In 1991 eight individuals stepped into an airtight ecosystem called BIOSPHERE 2 prepared to be locked inside for two years. Their goal was to see if it was possible to create sustainable life for humans on other planets. While the intentions of these biospherians came from a pure place, the unexpected worldwide media attention the project garnered caused many to question if it was nothing more than an elaborate publicity stunt.
As Matt Wolf’s documentary Spaceship Earth explains, their experiment was far from a stunt, however, as with many of the groups’ previous ventures, it was filled with questionable choices. Utilizing decades worth of archived footage, including material filmed inside the biosphere, Wolf constructs a vivid portrait of a group people who blended art and science to better understand nature.
Lead by the charismatic John Allen, inventor and founder of the Synergia Ranch, these self-proclaimed “synergists” came together because of their desire to make change. What they found within each other was a makeshift family, one that used theatre to provide context and purpose to their creative ambitions. They challenged themselves with projects that forced them to think outside the box and learn new things on the fly.
Soon they evolved from a traveling theatre troupe to building ships and museums from scratch. While their methods were unconventional, causing outsiders to deem them a cult, their successes could not be denied. Embracing capitalism early on, including partnering with wealthy investor Ed Bass, Allen’s vision for the group seemed limitless. That all changed with BIOSPHERE 2, a project that ultimately exposed the dangers that can arise when egos and the financial bottom line supersedes environmental need.
A cautionary tale of the thin line between innovation and greed, Wolf captures how capitalism can corrupt even the most well-meaning ventures. By spending a great deal of time focusing on Allen and his fellow synergists, Spaceship Earth brings earnest humanity to its stranger-than-fiction story. One is invested in the well-being of the eight biosherians, especially when the project goes horribly wrong at points.

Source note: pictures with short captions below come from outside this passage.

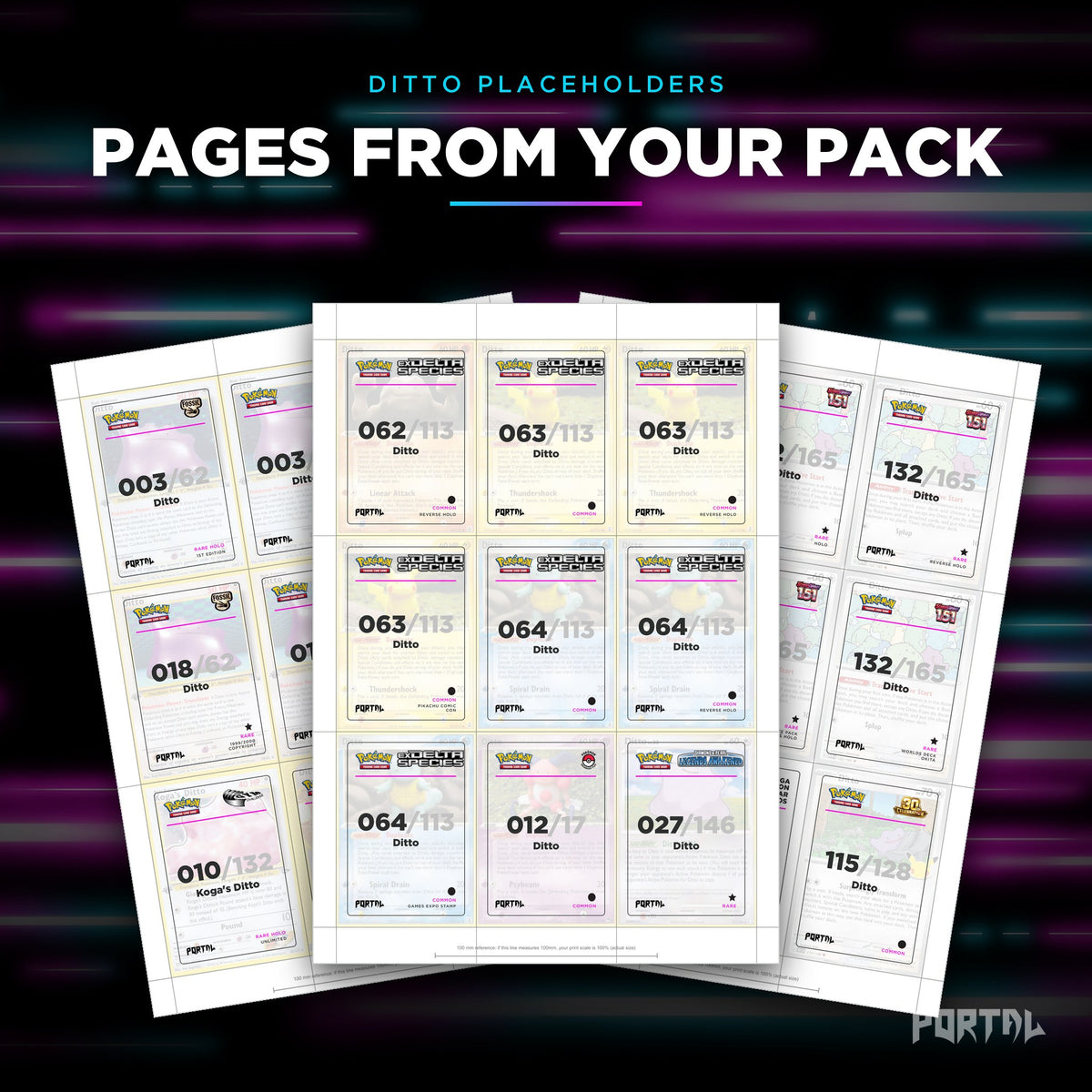 Pages from the Ditto placeholder pack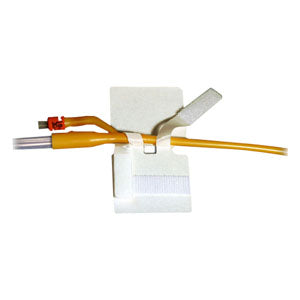 MC Johnson Co Inc Cath-Secure Dual Tab Tube Holder, Hypoallergenic 3" Wrap Tabs x 3" Base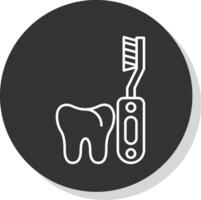 Electric Toothbrush Line Grey Circle Icon vector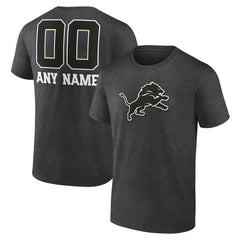 Detroit Lions Personalized Name & Number Monochrome T-Shirt - Charcoal on sale
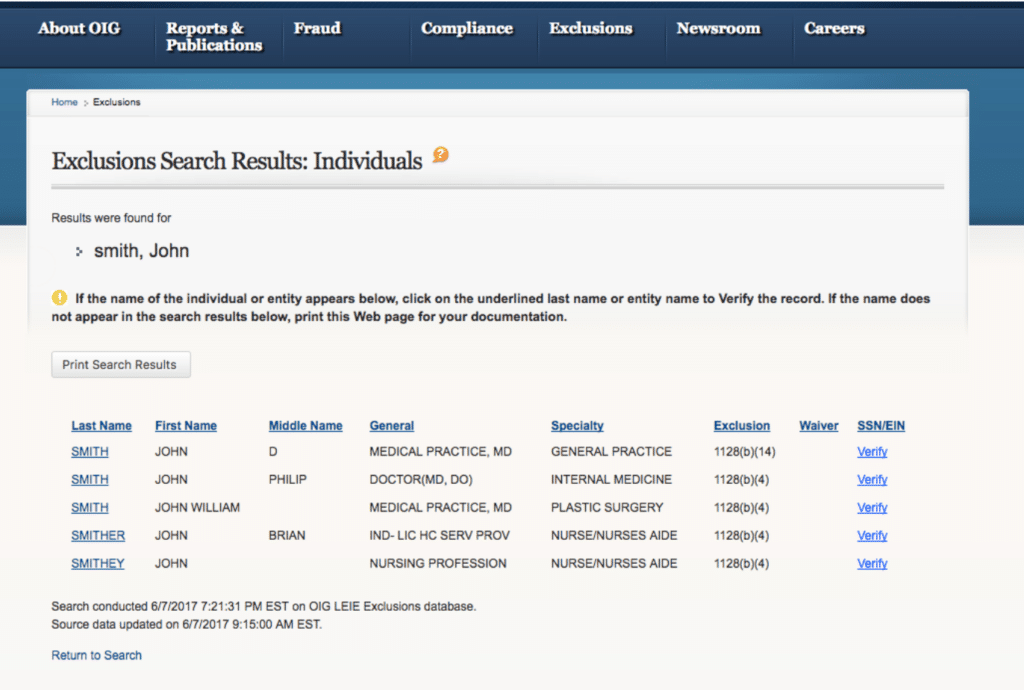 a screenshot of the OIG exclusion search page. it depicts search results for a provider named "john smith".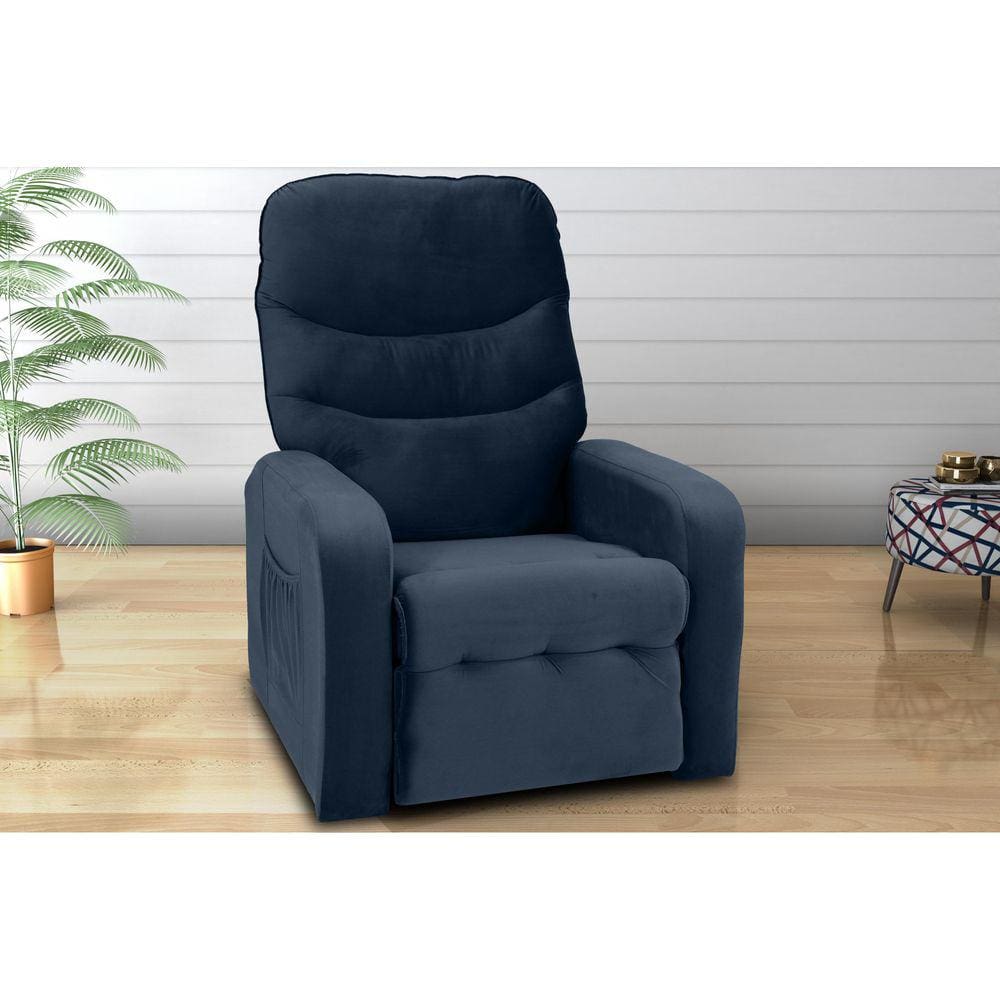 Poltrona Reclinável MX63 Punto Veludo Azul E433 - Matrix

Though the film hints at Allen’s ego being partly to blame for the problems that arise in the project, Spaceship Earth never capitalizes on the tension it builds. A key standoff does not erupt in fury, but rather is resolved with obedience and a hug. Furthermore, Allen’s questionable practices do not quite get the same disapproving eye that Bass, and the emergence of Steve Bannon in the latter sections, get in the film. While Spaceship Earth may not be the hard-hitting expose one initially believes it will be, Wolf builds an entertaining and informative work that cuts through the media propaganda. Spaceship Earth is a testament to what can be achieved when people come together for a shared purpose.